Overqualified or Overlooked? The Cost of Getting Hiring Wrong
There is a growing trend in hiring that deserves to be challenged.
“Overqualified” has quietly become a reason to discard candidates before a real conversation even happens.
That is a mistake.
Not every experienced professional is chasing title, salary, or hierarchy. Many apply for roles because they see stability, alignment, purpose, flexibility, or simply a better fit for where they are in life and career.
Reducing a candidate to an ATS score or a quick scan of years of experience strips away context. It ignores intent. It ignores maturity. It ignores the very thing that experience is meant to bring, judgement.
A professional with 12 plus years across engineering, architecture, delivery, and leadership may apply for a role that appears “below” their last title, but that does not mean they are a risk. In many cases, it means they are making a deliberate decision based on fit, not ego.
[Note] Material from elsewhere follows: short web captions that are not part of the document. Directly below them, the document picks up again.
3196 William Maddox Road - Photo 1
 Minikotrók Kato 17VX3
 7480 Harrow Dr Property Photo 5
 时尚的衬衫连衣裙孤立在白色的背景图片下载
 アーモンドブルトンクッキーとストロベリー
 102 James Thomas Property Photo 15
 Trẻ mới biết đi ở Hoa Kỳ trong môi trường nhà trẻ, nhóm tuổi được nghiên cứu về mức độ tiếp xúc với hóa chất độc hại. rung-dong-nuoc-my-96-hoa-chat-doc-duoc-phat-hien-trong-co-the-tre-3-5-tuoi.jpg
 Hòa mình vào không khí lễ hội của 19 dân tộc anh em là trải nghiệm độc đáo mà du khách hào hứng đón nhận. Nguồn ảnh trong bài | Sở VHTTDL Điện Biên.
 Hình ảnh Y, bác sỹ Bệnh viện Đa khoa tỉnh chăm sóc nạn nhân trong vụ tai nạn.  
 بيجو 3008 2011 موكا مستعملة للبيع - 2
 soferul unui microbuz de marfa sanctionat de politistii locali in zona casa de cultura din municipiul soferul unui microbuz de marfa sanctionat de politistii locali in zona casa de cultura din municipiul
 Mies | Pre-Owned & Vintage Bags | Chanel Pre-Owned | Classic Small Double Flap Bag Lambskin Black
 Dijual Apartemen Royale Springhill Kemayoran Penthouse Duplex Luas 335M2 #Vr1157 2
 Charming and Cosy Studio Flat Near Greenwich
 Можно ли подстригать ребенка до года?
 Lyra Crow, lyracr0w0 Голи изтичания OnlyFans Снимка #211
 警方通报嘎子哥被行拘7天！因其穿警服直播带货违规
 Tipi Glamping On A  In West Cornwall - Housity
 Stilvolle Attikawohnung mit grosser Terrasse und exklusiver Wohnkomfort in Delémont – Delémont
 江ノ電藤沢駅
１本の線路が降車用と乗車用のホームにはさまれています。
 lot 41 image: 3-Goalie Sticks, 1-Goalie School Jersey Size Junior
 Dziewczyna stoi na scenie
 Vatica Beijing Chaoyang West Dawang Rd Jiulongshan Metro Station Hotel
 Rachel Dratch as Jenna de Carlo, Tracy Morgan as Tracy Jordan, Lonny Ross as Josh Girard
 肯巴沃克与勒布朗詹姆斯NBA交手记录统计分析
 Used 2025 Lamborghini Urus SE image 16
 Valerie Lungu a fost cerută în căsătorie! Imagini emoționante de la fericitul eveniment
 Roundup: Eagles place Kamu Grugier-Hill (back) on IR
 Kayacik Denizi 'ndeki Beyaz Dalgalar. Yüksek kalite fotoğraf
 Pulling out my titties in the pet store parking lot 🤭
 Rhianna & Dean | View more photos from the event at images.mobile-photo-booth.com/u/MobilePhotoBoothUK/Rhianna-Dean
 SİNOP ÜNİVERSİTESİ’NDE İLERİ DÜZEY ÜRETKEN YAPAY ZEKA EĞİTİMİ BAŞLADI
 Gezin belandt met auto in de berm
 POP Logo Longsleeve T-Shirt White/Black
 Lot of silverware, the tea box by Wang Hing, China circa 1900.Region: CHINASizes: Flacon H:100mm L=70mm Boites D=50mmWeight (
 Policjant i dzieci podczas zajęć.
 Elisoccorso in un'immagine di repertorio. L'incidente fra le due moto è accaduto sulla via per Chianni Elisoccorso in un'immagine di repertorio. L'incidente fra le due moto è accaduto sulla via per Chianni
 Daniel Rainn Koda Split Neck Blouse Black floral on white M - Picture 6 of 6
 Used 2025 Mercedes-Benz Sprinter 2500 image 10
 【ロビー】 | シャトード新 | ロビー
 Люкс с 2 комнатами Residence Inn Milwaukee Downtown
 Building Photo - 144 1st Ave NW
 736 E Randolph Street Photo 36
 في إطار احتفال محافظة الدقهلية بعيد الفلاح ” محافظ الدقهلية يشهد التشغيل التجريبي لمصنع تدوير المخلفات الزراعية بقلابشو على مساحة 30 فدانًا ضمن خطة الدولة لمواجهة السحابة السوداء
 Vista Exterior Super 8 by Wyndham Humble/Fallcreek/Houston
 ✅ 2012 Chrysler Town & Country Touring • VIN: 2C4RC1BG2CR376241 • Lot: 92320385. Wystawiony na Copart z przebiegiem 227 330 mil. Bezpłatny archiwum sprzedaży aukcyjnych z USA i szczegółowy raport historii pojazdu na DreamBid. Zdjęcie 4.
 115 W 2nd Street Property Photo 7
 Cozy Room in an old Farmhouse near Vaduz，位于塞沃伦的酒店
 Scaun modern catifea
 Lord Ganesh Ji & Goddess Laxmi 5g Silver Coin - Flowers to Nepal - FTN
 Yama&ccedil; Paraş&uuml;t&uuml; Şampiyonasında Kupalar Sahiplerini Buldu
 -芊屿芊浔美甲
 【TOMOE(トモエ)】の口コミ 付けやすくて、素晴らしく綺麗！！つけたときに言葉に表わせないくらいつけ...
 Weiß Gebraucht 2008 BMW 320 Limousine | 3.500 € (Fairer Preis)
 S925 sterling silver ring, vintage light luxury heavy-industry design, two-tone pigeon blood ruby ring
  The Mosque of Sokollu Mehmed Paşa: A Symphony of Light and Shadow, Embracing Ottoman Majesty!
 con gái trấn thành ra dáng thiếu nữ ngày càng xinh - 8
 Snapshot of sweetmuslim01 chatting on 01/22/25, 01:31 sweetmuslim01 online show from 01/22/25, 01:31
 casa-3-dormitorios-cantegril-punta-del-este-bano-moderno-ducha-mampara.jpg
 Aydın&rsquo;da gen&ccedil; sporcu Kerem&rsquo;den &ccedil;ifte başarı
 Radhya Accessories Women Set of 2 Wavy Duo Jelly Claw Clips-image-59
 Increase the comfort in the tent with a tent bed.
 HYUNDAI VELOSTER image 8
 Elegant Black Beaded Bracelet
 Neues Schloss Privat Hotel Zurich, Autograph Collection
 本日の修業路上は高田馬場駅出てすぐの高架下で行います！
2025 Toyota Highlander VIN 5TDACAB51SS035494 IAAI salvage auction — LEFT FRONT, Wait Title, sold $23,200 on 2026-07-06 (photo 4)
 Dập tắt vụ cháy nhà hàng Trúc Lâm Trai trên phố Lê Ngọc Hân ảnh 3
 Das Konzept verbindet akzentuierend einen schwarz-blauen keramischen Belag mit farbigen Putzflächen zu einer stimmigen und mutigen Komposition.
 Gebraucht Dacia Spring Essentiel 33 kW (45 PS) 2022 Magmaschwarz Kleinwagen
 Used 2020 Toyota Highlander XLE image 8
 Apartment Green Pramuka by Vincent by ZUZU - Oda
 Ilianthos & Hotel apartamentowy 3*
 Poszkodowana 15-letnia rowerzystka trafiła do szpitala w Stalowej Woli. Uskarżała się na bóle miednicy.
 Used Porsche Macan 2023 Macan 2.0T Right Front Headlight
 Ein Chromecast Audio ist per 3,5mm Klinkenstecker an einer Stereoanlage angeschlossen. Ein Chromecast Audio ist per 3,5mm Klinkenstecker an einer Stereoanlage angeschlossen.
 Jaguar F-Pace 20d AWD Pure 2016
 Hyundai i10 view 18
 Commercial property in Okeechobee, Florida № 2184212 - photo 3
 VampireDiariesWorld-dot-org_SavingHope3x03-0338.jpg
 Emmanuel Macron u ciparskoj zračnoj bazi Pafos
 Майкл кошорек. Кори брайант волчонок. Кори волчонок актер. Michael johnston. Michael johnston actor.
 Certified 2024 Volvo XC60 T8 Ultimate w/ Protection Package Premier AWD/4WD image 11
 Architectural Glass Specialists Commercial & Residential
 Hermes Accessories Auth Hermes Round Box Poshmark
What is missing in many hiring processes today is simple:
a conversation.
A single call can answer what a resume cannot:
Why this role
Why now
Why this company
Instead, strong candidates are filtered out by automated scoring, rigid expectations, or assumptions made at first glance.
That approach does not just hurt candidates. It limits organisations from bringing in experienced people who can stabilise teams, mentor others, and deliver with minimal ramp-up.
Overqualification should not be a rejection reason. It should be a signal to ask better questions.
Because sometimes the best hire is not the one who fits the job description perfectly, but the one who chose it intentionally.